The Internet brought jazz to the symphony. Now, new technology likely has at least one or two offshoots before more than a scarce few discover it. If the Internet has changed technology, then it stands to reason the Internet is being changed by technology as well. Here are some notable examples.
Voice to Text
One of the first epic clashes in the personal computer era took place between Xerox, Apple and Microsoft. The shared goal of these three companies was to replace the command-line interface for personal computers with a graphical interface. This moved the PC world from text operating systems to “desktop” systems.
Now, with the advent of mobile devices and client-server voice interfaces, the computer industry is moving back in the direction of the command line. Except now, users are issuing directives by speaking instead of typing.
The possibilities for such an interface are intriguing, especially if developers can harness the expressive power of the command line and make it available to users in an intuitive fashion. It is already possible to perform basic searches and do simple ecommerce shopping with mobile device voice interfaces.

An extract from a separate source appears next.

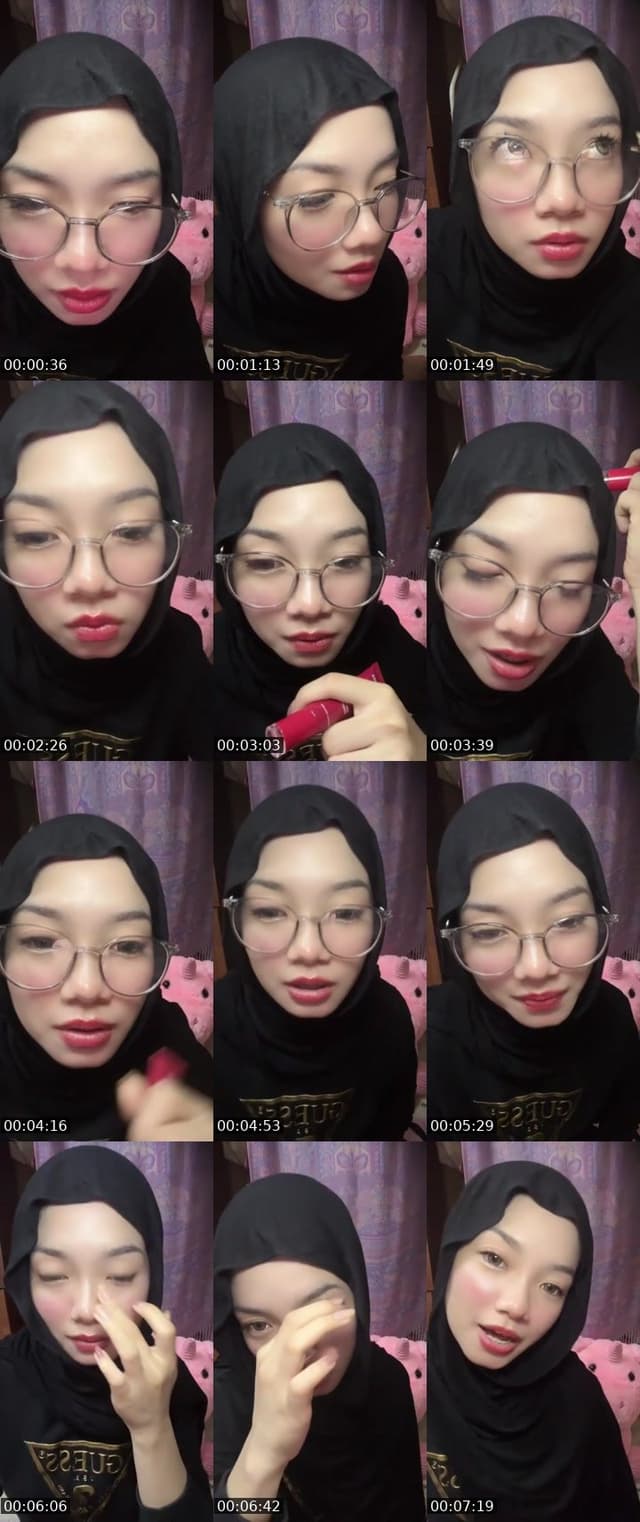 Bigo live: chatting 💝 by @anzelapril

The real test will be to see if it is possible to do complex multi-layered tasks using the spoken word.
The hobbyist drone market has already given the technology world a preview of what things will look like when the average electronic device has a connection to the web. Beyond simple control, some of these devices will allow their users to perform tasks that would otherwise be impossible. Security is one area where there are already myriad practical applications for a “network of devices.”

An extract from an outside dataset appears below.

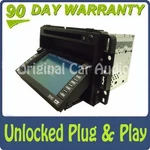 Unlocked Chevy Gmc Navigation Gps System Display Screen Radio Cd Dvd Player Bose. Fixed Price $307.00.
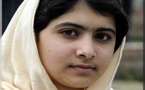 Nigeria: Malala appelle le monde à faire plus pour la libération des lycéennes de Chibok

For instance, if a set of surveillance cameras were able to operate in a synchronized fashion, they might be able to pick out details and obtain much better imagery than if they simply followed a set of pre-programmed instructions. This kind of harmonious operation is only possible if the firmware and software controlling the system is able to communicate in a decentralized fashion.
Not long ago, a group of developers created a “view the night sky” application for the Linux operating system which allowed computer users to catalog and study constellations, planetary movement and cosmic phenomena. Using this kind of application as a foundation, it wasn’t long before a network-operated series of cameras, observatories, VSAT facilities, weather reporting stations and astronomy clubs linked up across the Internet and began to compile a continuous stream of measurements and data.
Because the Internet allows signals to reach from one side of the planet to the other in near real-time, it is possible for a properly arranged series of observation stations to build hyper-accurate maps of both the solar system and distant stars. This kind of information is crucial to the fields of astronomy, physics and aerospace and has influenced the electronics used to communicate online.
The ability to tap or click an icon and start watching nearly any movie or television show ever made is forcing Internet service providers to find ways to reduce the load on network infrastructure. This is taking place rapidly on many content management platforms with advanced caching and plugins, and on mobile devices with responsive site architectures.
Faster networks are always more valuable in the long run. The good news is this technology is often exponential in effect, which will create positive feedback cycles.
Technology and the Internet reinforce each other. In fact, one is a natural result of the other. It stands to reason both will continue to advance.